Banks and other financial institutions make private student loans without any direct financial backing from the federal government. Private loans are also known as private-label or alternative loans.
Federal loans, whether through a bank/private lender or the Department of Education, are funded and regulated by the federal government. Private loans are not subsidized by the government, and therefore are not regulated as closely. Borrowers should generally maximize their federal loan options before resorting to private loans.
The private student loan industry grew throughout the 1990s and early 2000s. Unfortunately, many of the lenders targeted low-income borrowers with subprime loans. Too many of these risky, high-cost loans were destined to fail and did fail at astronomical rates, especially after the economic crisis. Many lenders targeted for-profit school and low-income students with the most expensive products. The market is smaller now and generally geared more toward prime borrowers, but there is no guarantee that this situation will persist or that any individual private loan product is a good deal.
Private loan terms and conditions, including interest rates and fees, are generally based on your credit history or a co-signer’s credit history. Like government loans, most private loans are supposed to be used only to finance postsecondary education (including books, transportation, and room and board). Check your school’s estimated cost of attendance and consult with the financial aid office before deciding on a private loan amount.
Private lenders may pressure or even require you to get a co-signer. A co-signer is a relative, friend or someone else who agrees to be responsible for your debt. Co-signers must understand that they are responsible for paying back the debt just as if they had received the money. The CFPB has sample letters to help you request that the lender release a co-signer from an account. Many lenders advertise that a co-signer may be released after a certain number of payments or other requirements, but do not let you know when you are eligible.
There are very important differences between government loans and private loans. If you take out a private loan, you will not be eligible for the same types of discharge, deferment and forbearance options that are available for federal loans. However, some private lenders may choose to offer cancellations or other relief in certain circumstances. You should check with your lender and ask about these options.

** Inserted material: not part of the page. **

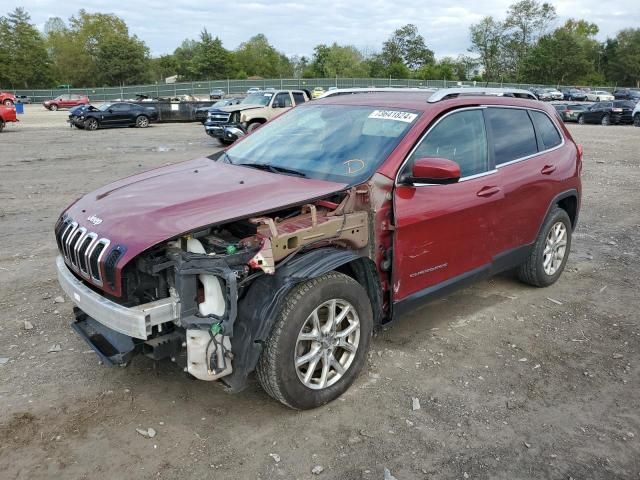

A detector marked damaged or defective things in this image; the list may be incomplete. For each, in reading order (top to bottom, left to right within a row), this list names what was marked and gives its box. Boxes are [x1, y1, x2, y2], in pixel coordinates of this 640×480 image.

Some private student lenders also offer deferments and forbearances, but these vary by program. Read your loan contract very carefully to learn about your private loan’s particular terms, conditions, benefits, rates, fees, and penalties. Private lenders do have to honor any promises they make about terms and benefits.
Most private student loans will have a disclosure statement similar to the information that is included on mortgage loans and car loans. This is because most private loans are covered by the Truth in Lending Act while federal loans are not. Sample disclosures from the Federal Reserve Board:
Private Consolidation Loans
Borrowers cannot consolidate private student loans with the federal consolidation loan programs. However, if you have private loans, you may want to think about consolidating these loans into a new private consolidation loan. This may be a good idea if you want a single monthly payment. You may also be able to get a better deal if, for example, your credit score is better now than it was when you first took out the private loans.
It is very dangerous to consolidate federal loans into a private consolidation loan. You will lose your rights under the federal loan programs once you choose to consolidate with a private lender. These include deferment, forbearance, cancellation, and affordable repayment rights. Also, federal consolidation loans generally have lower interest rates.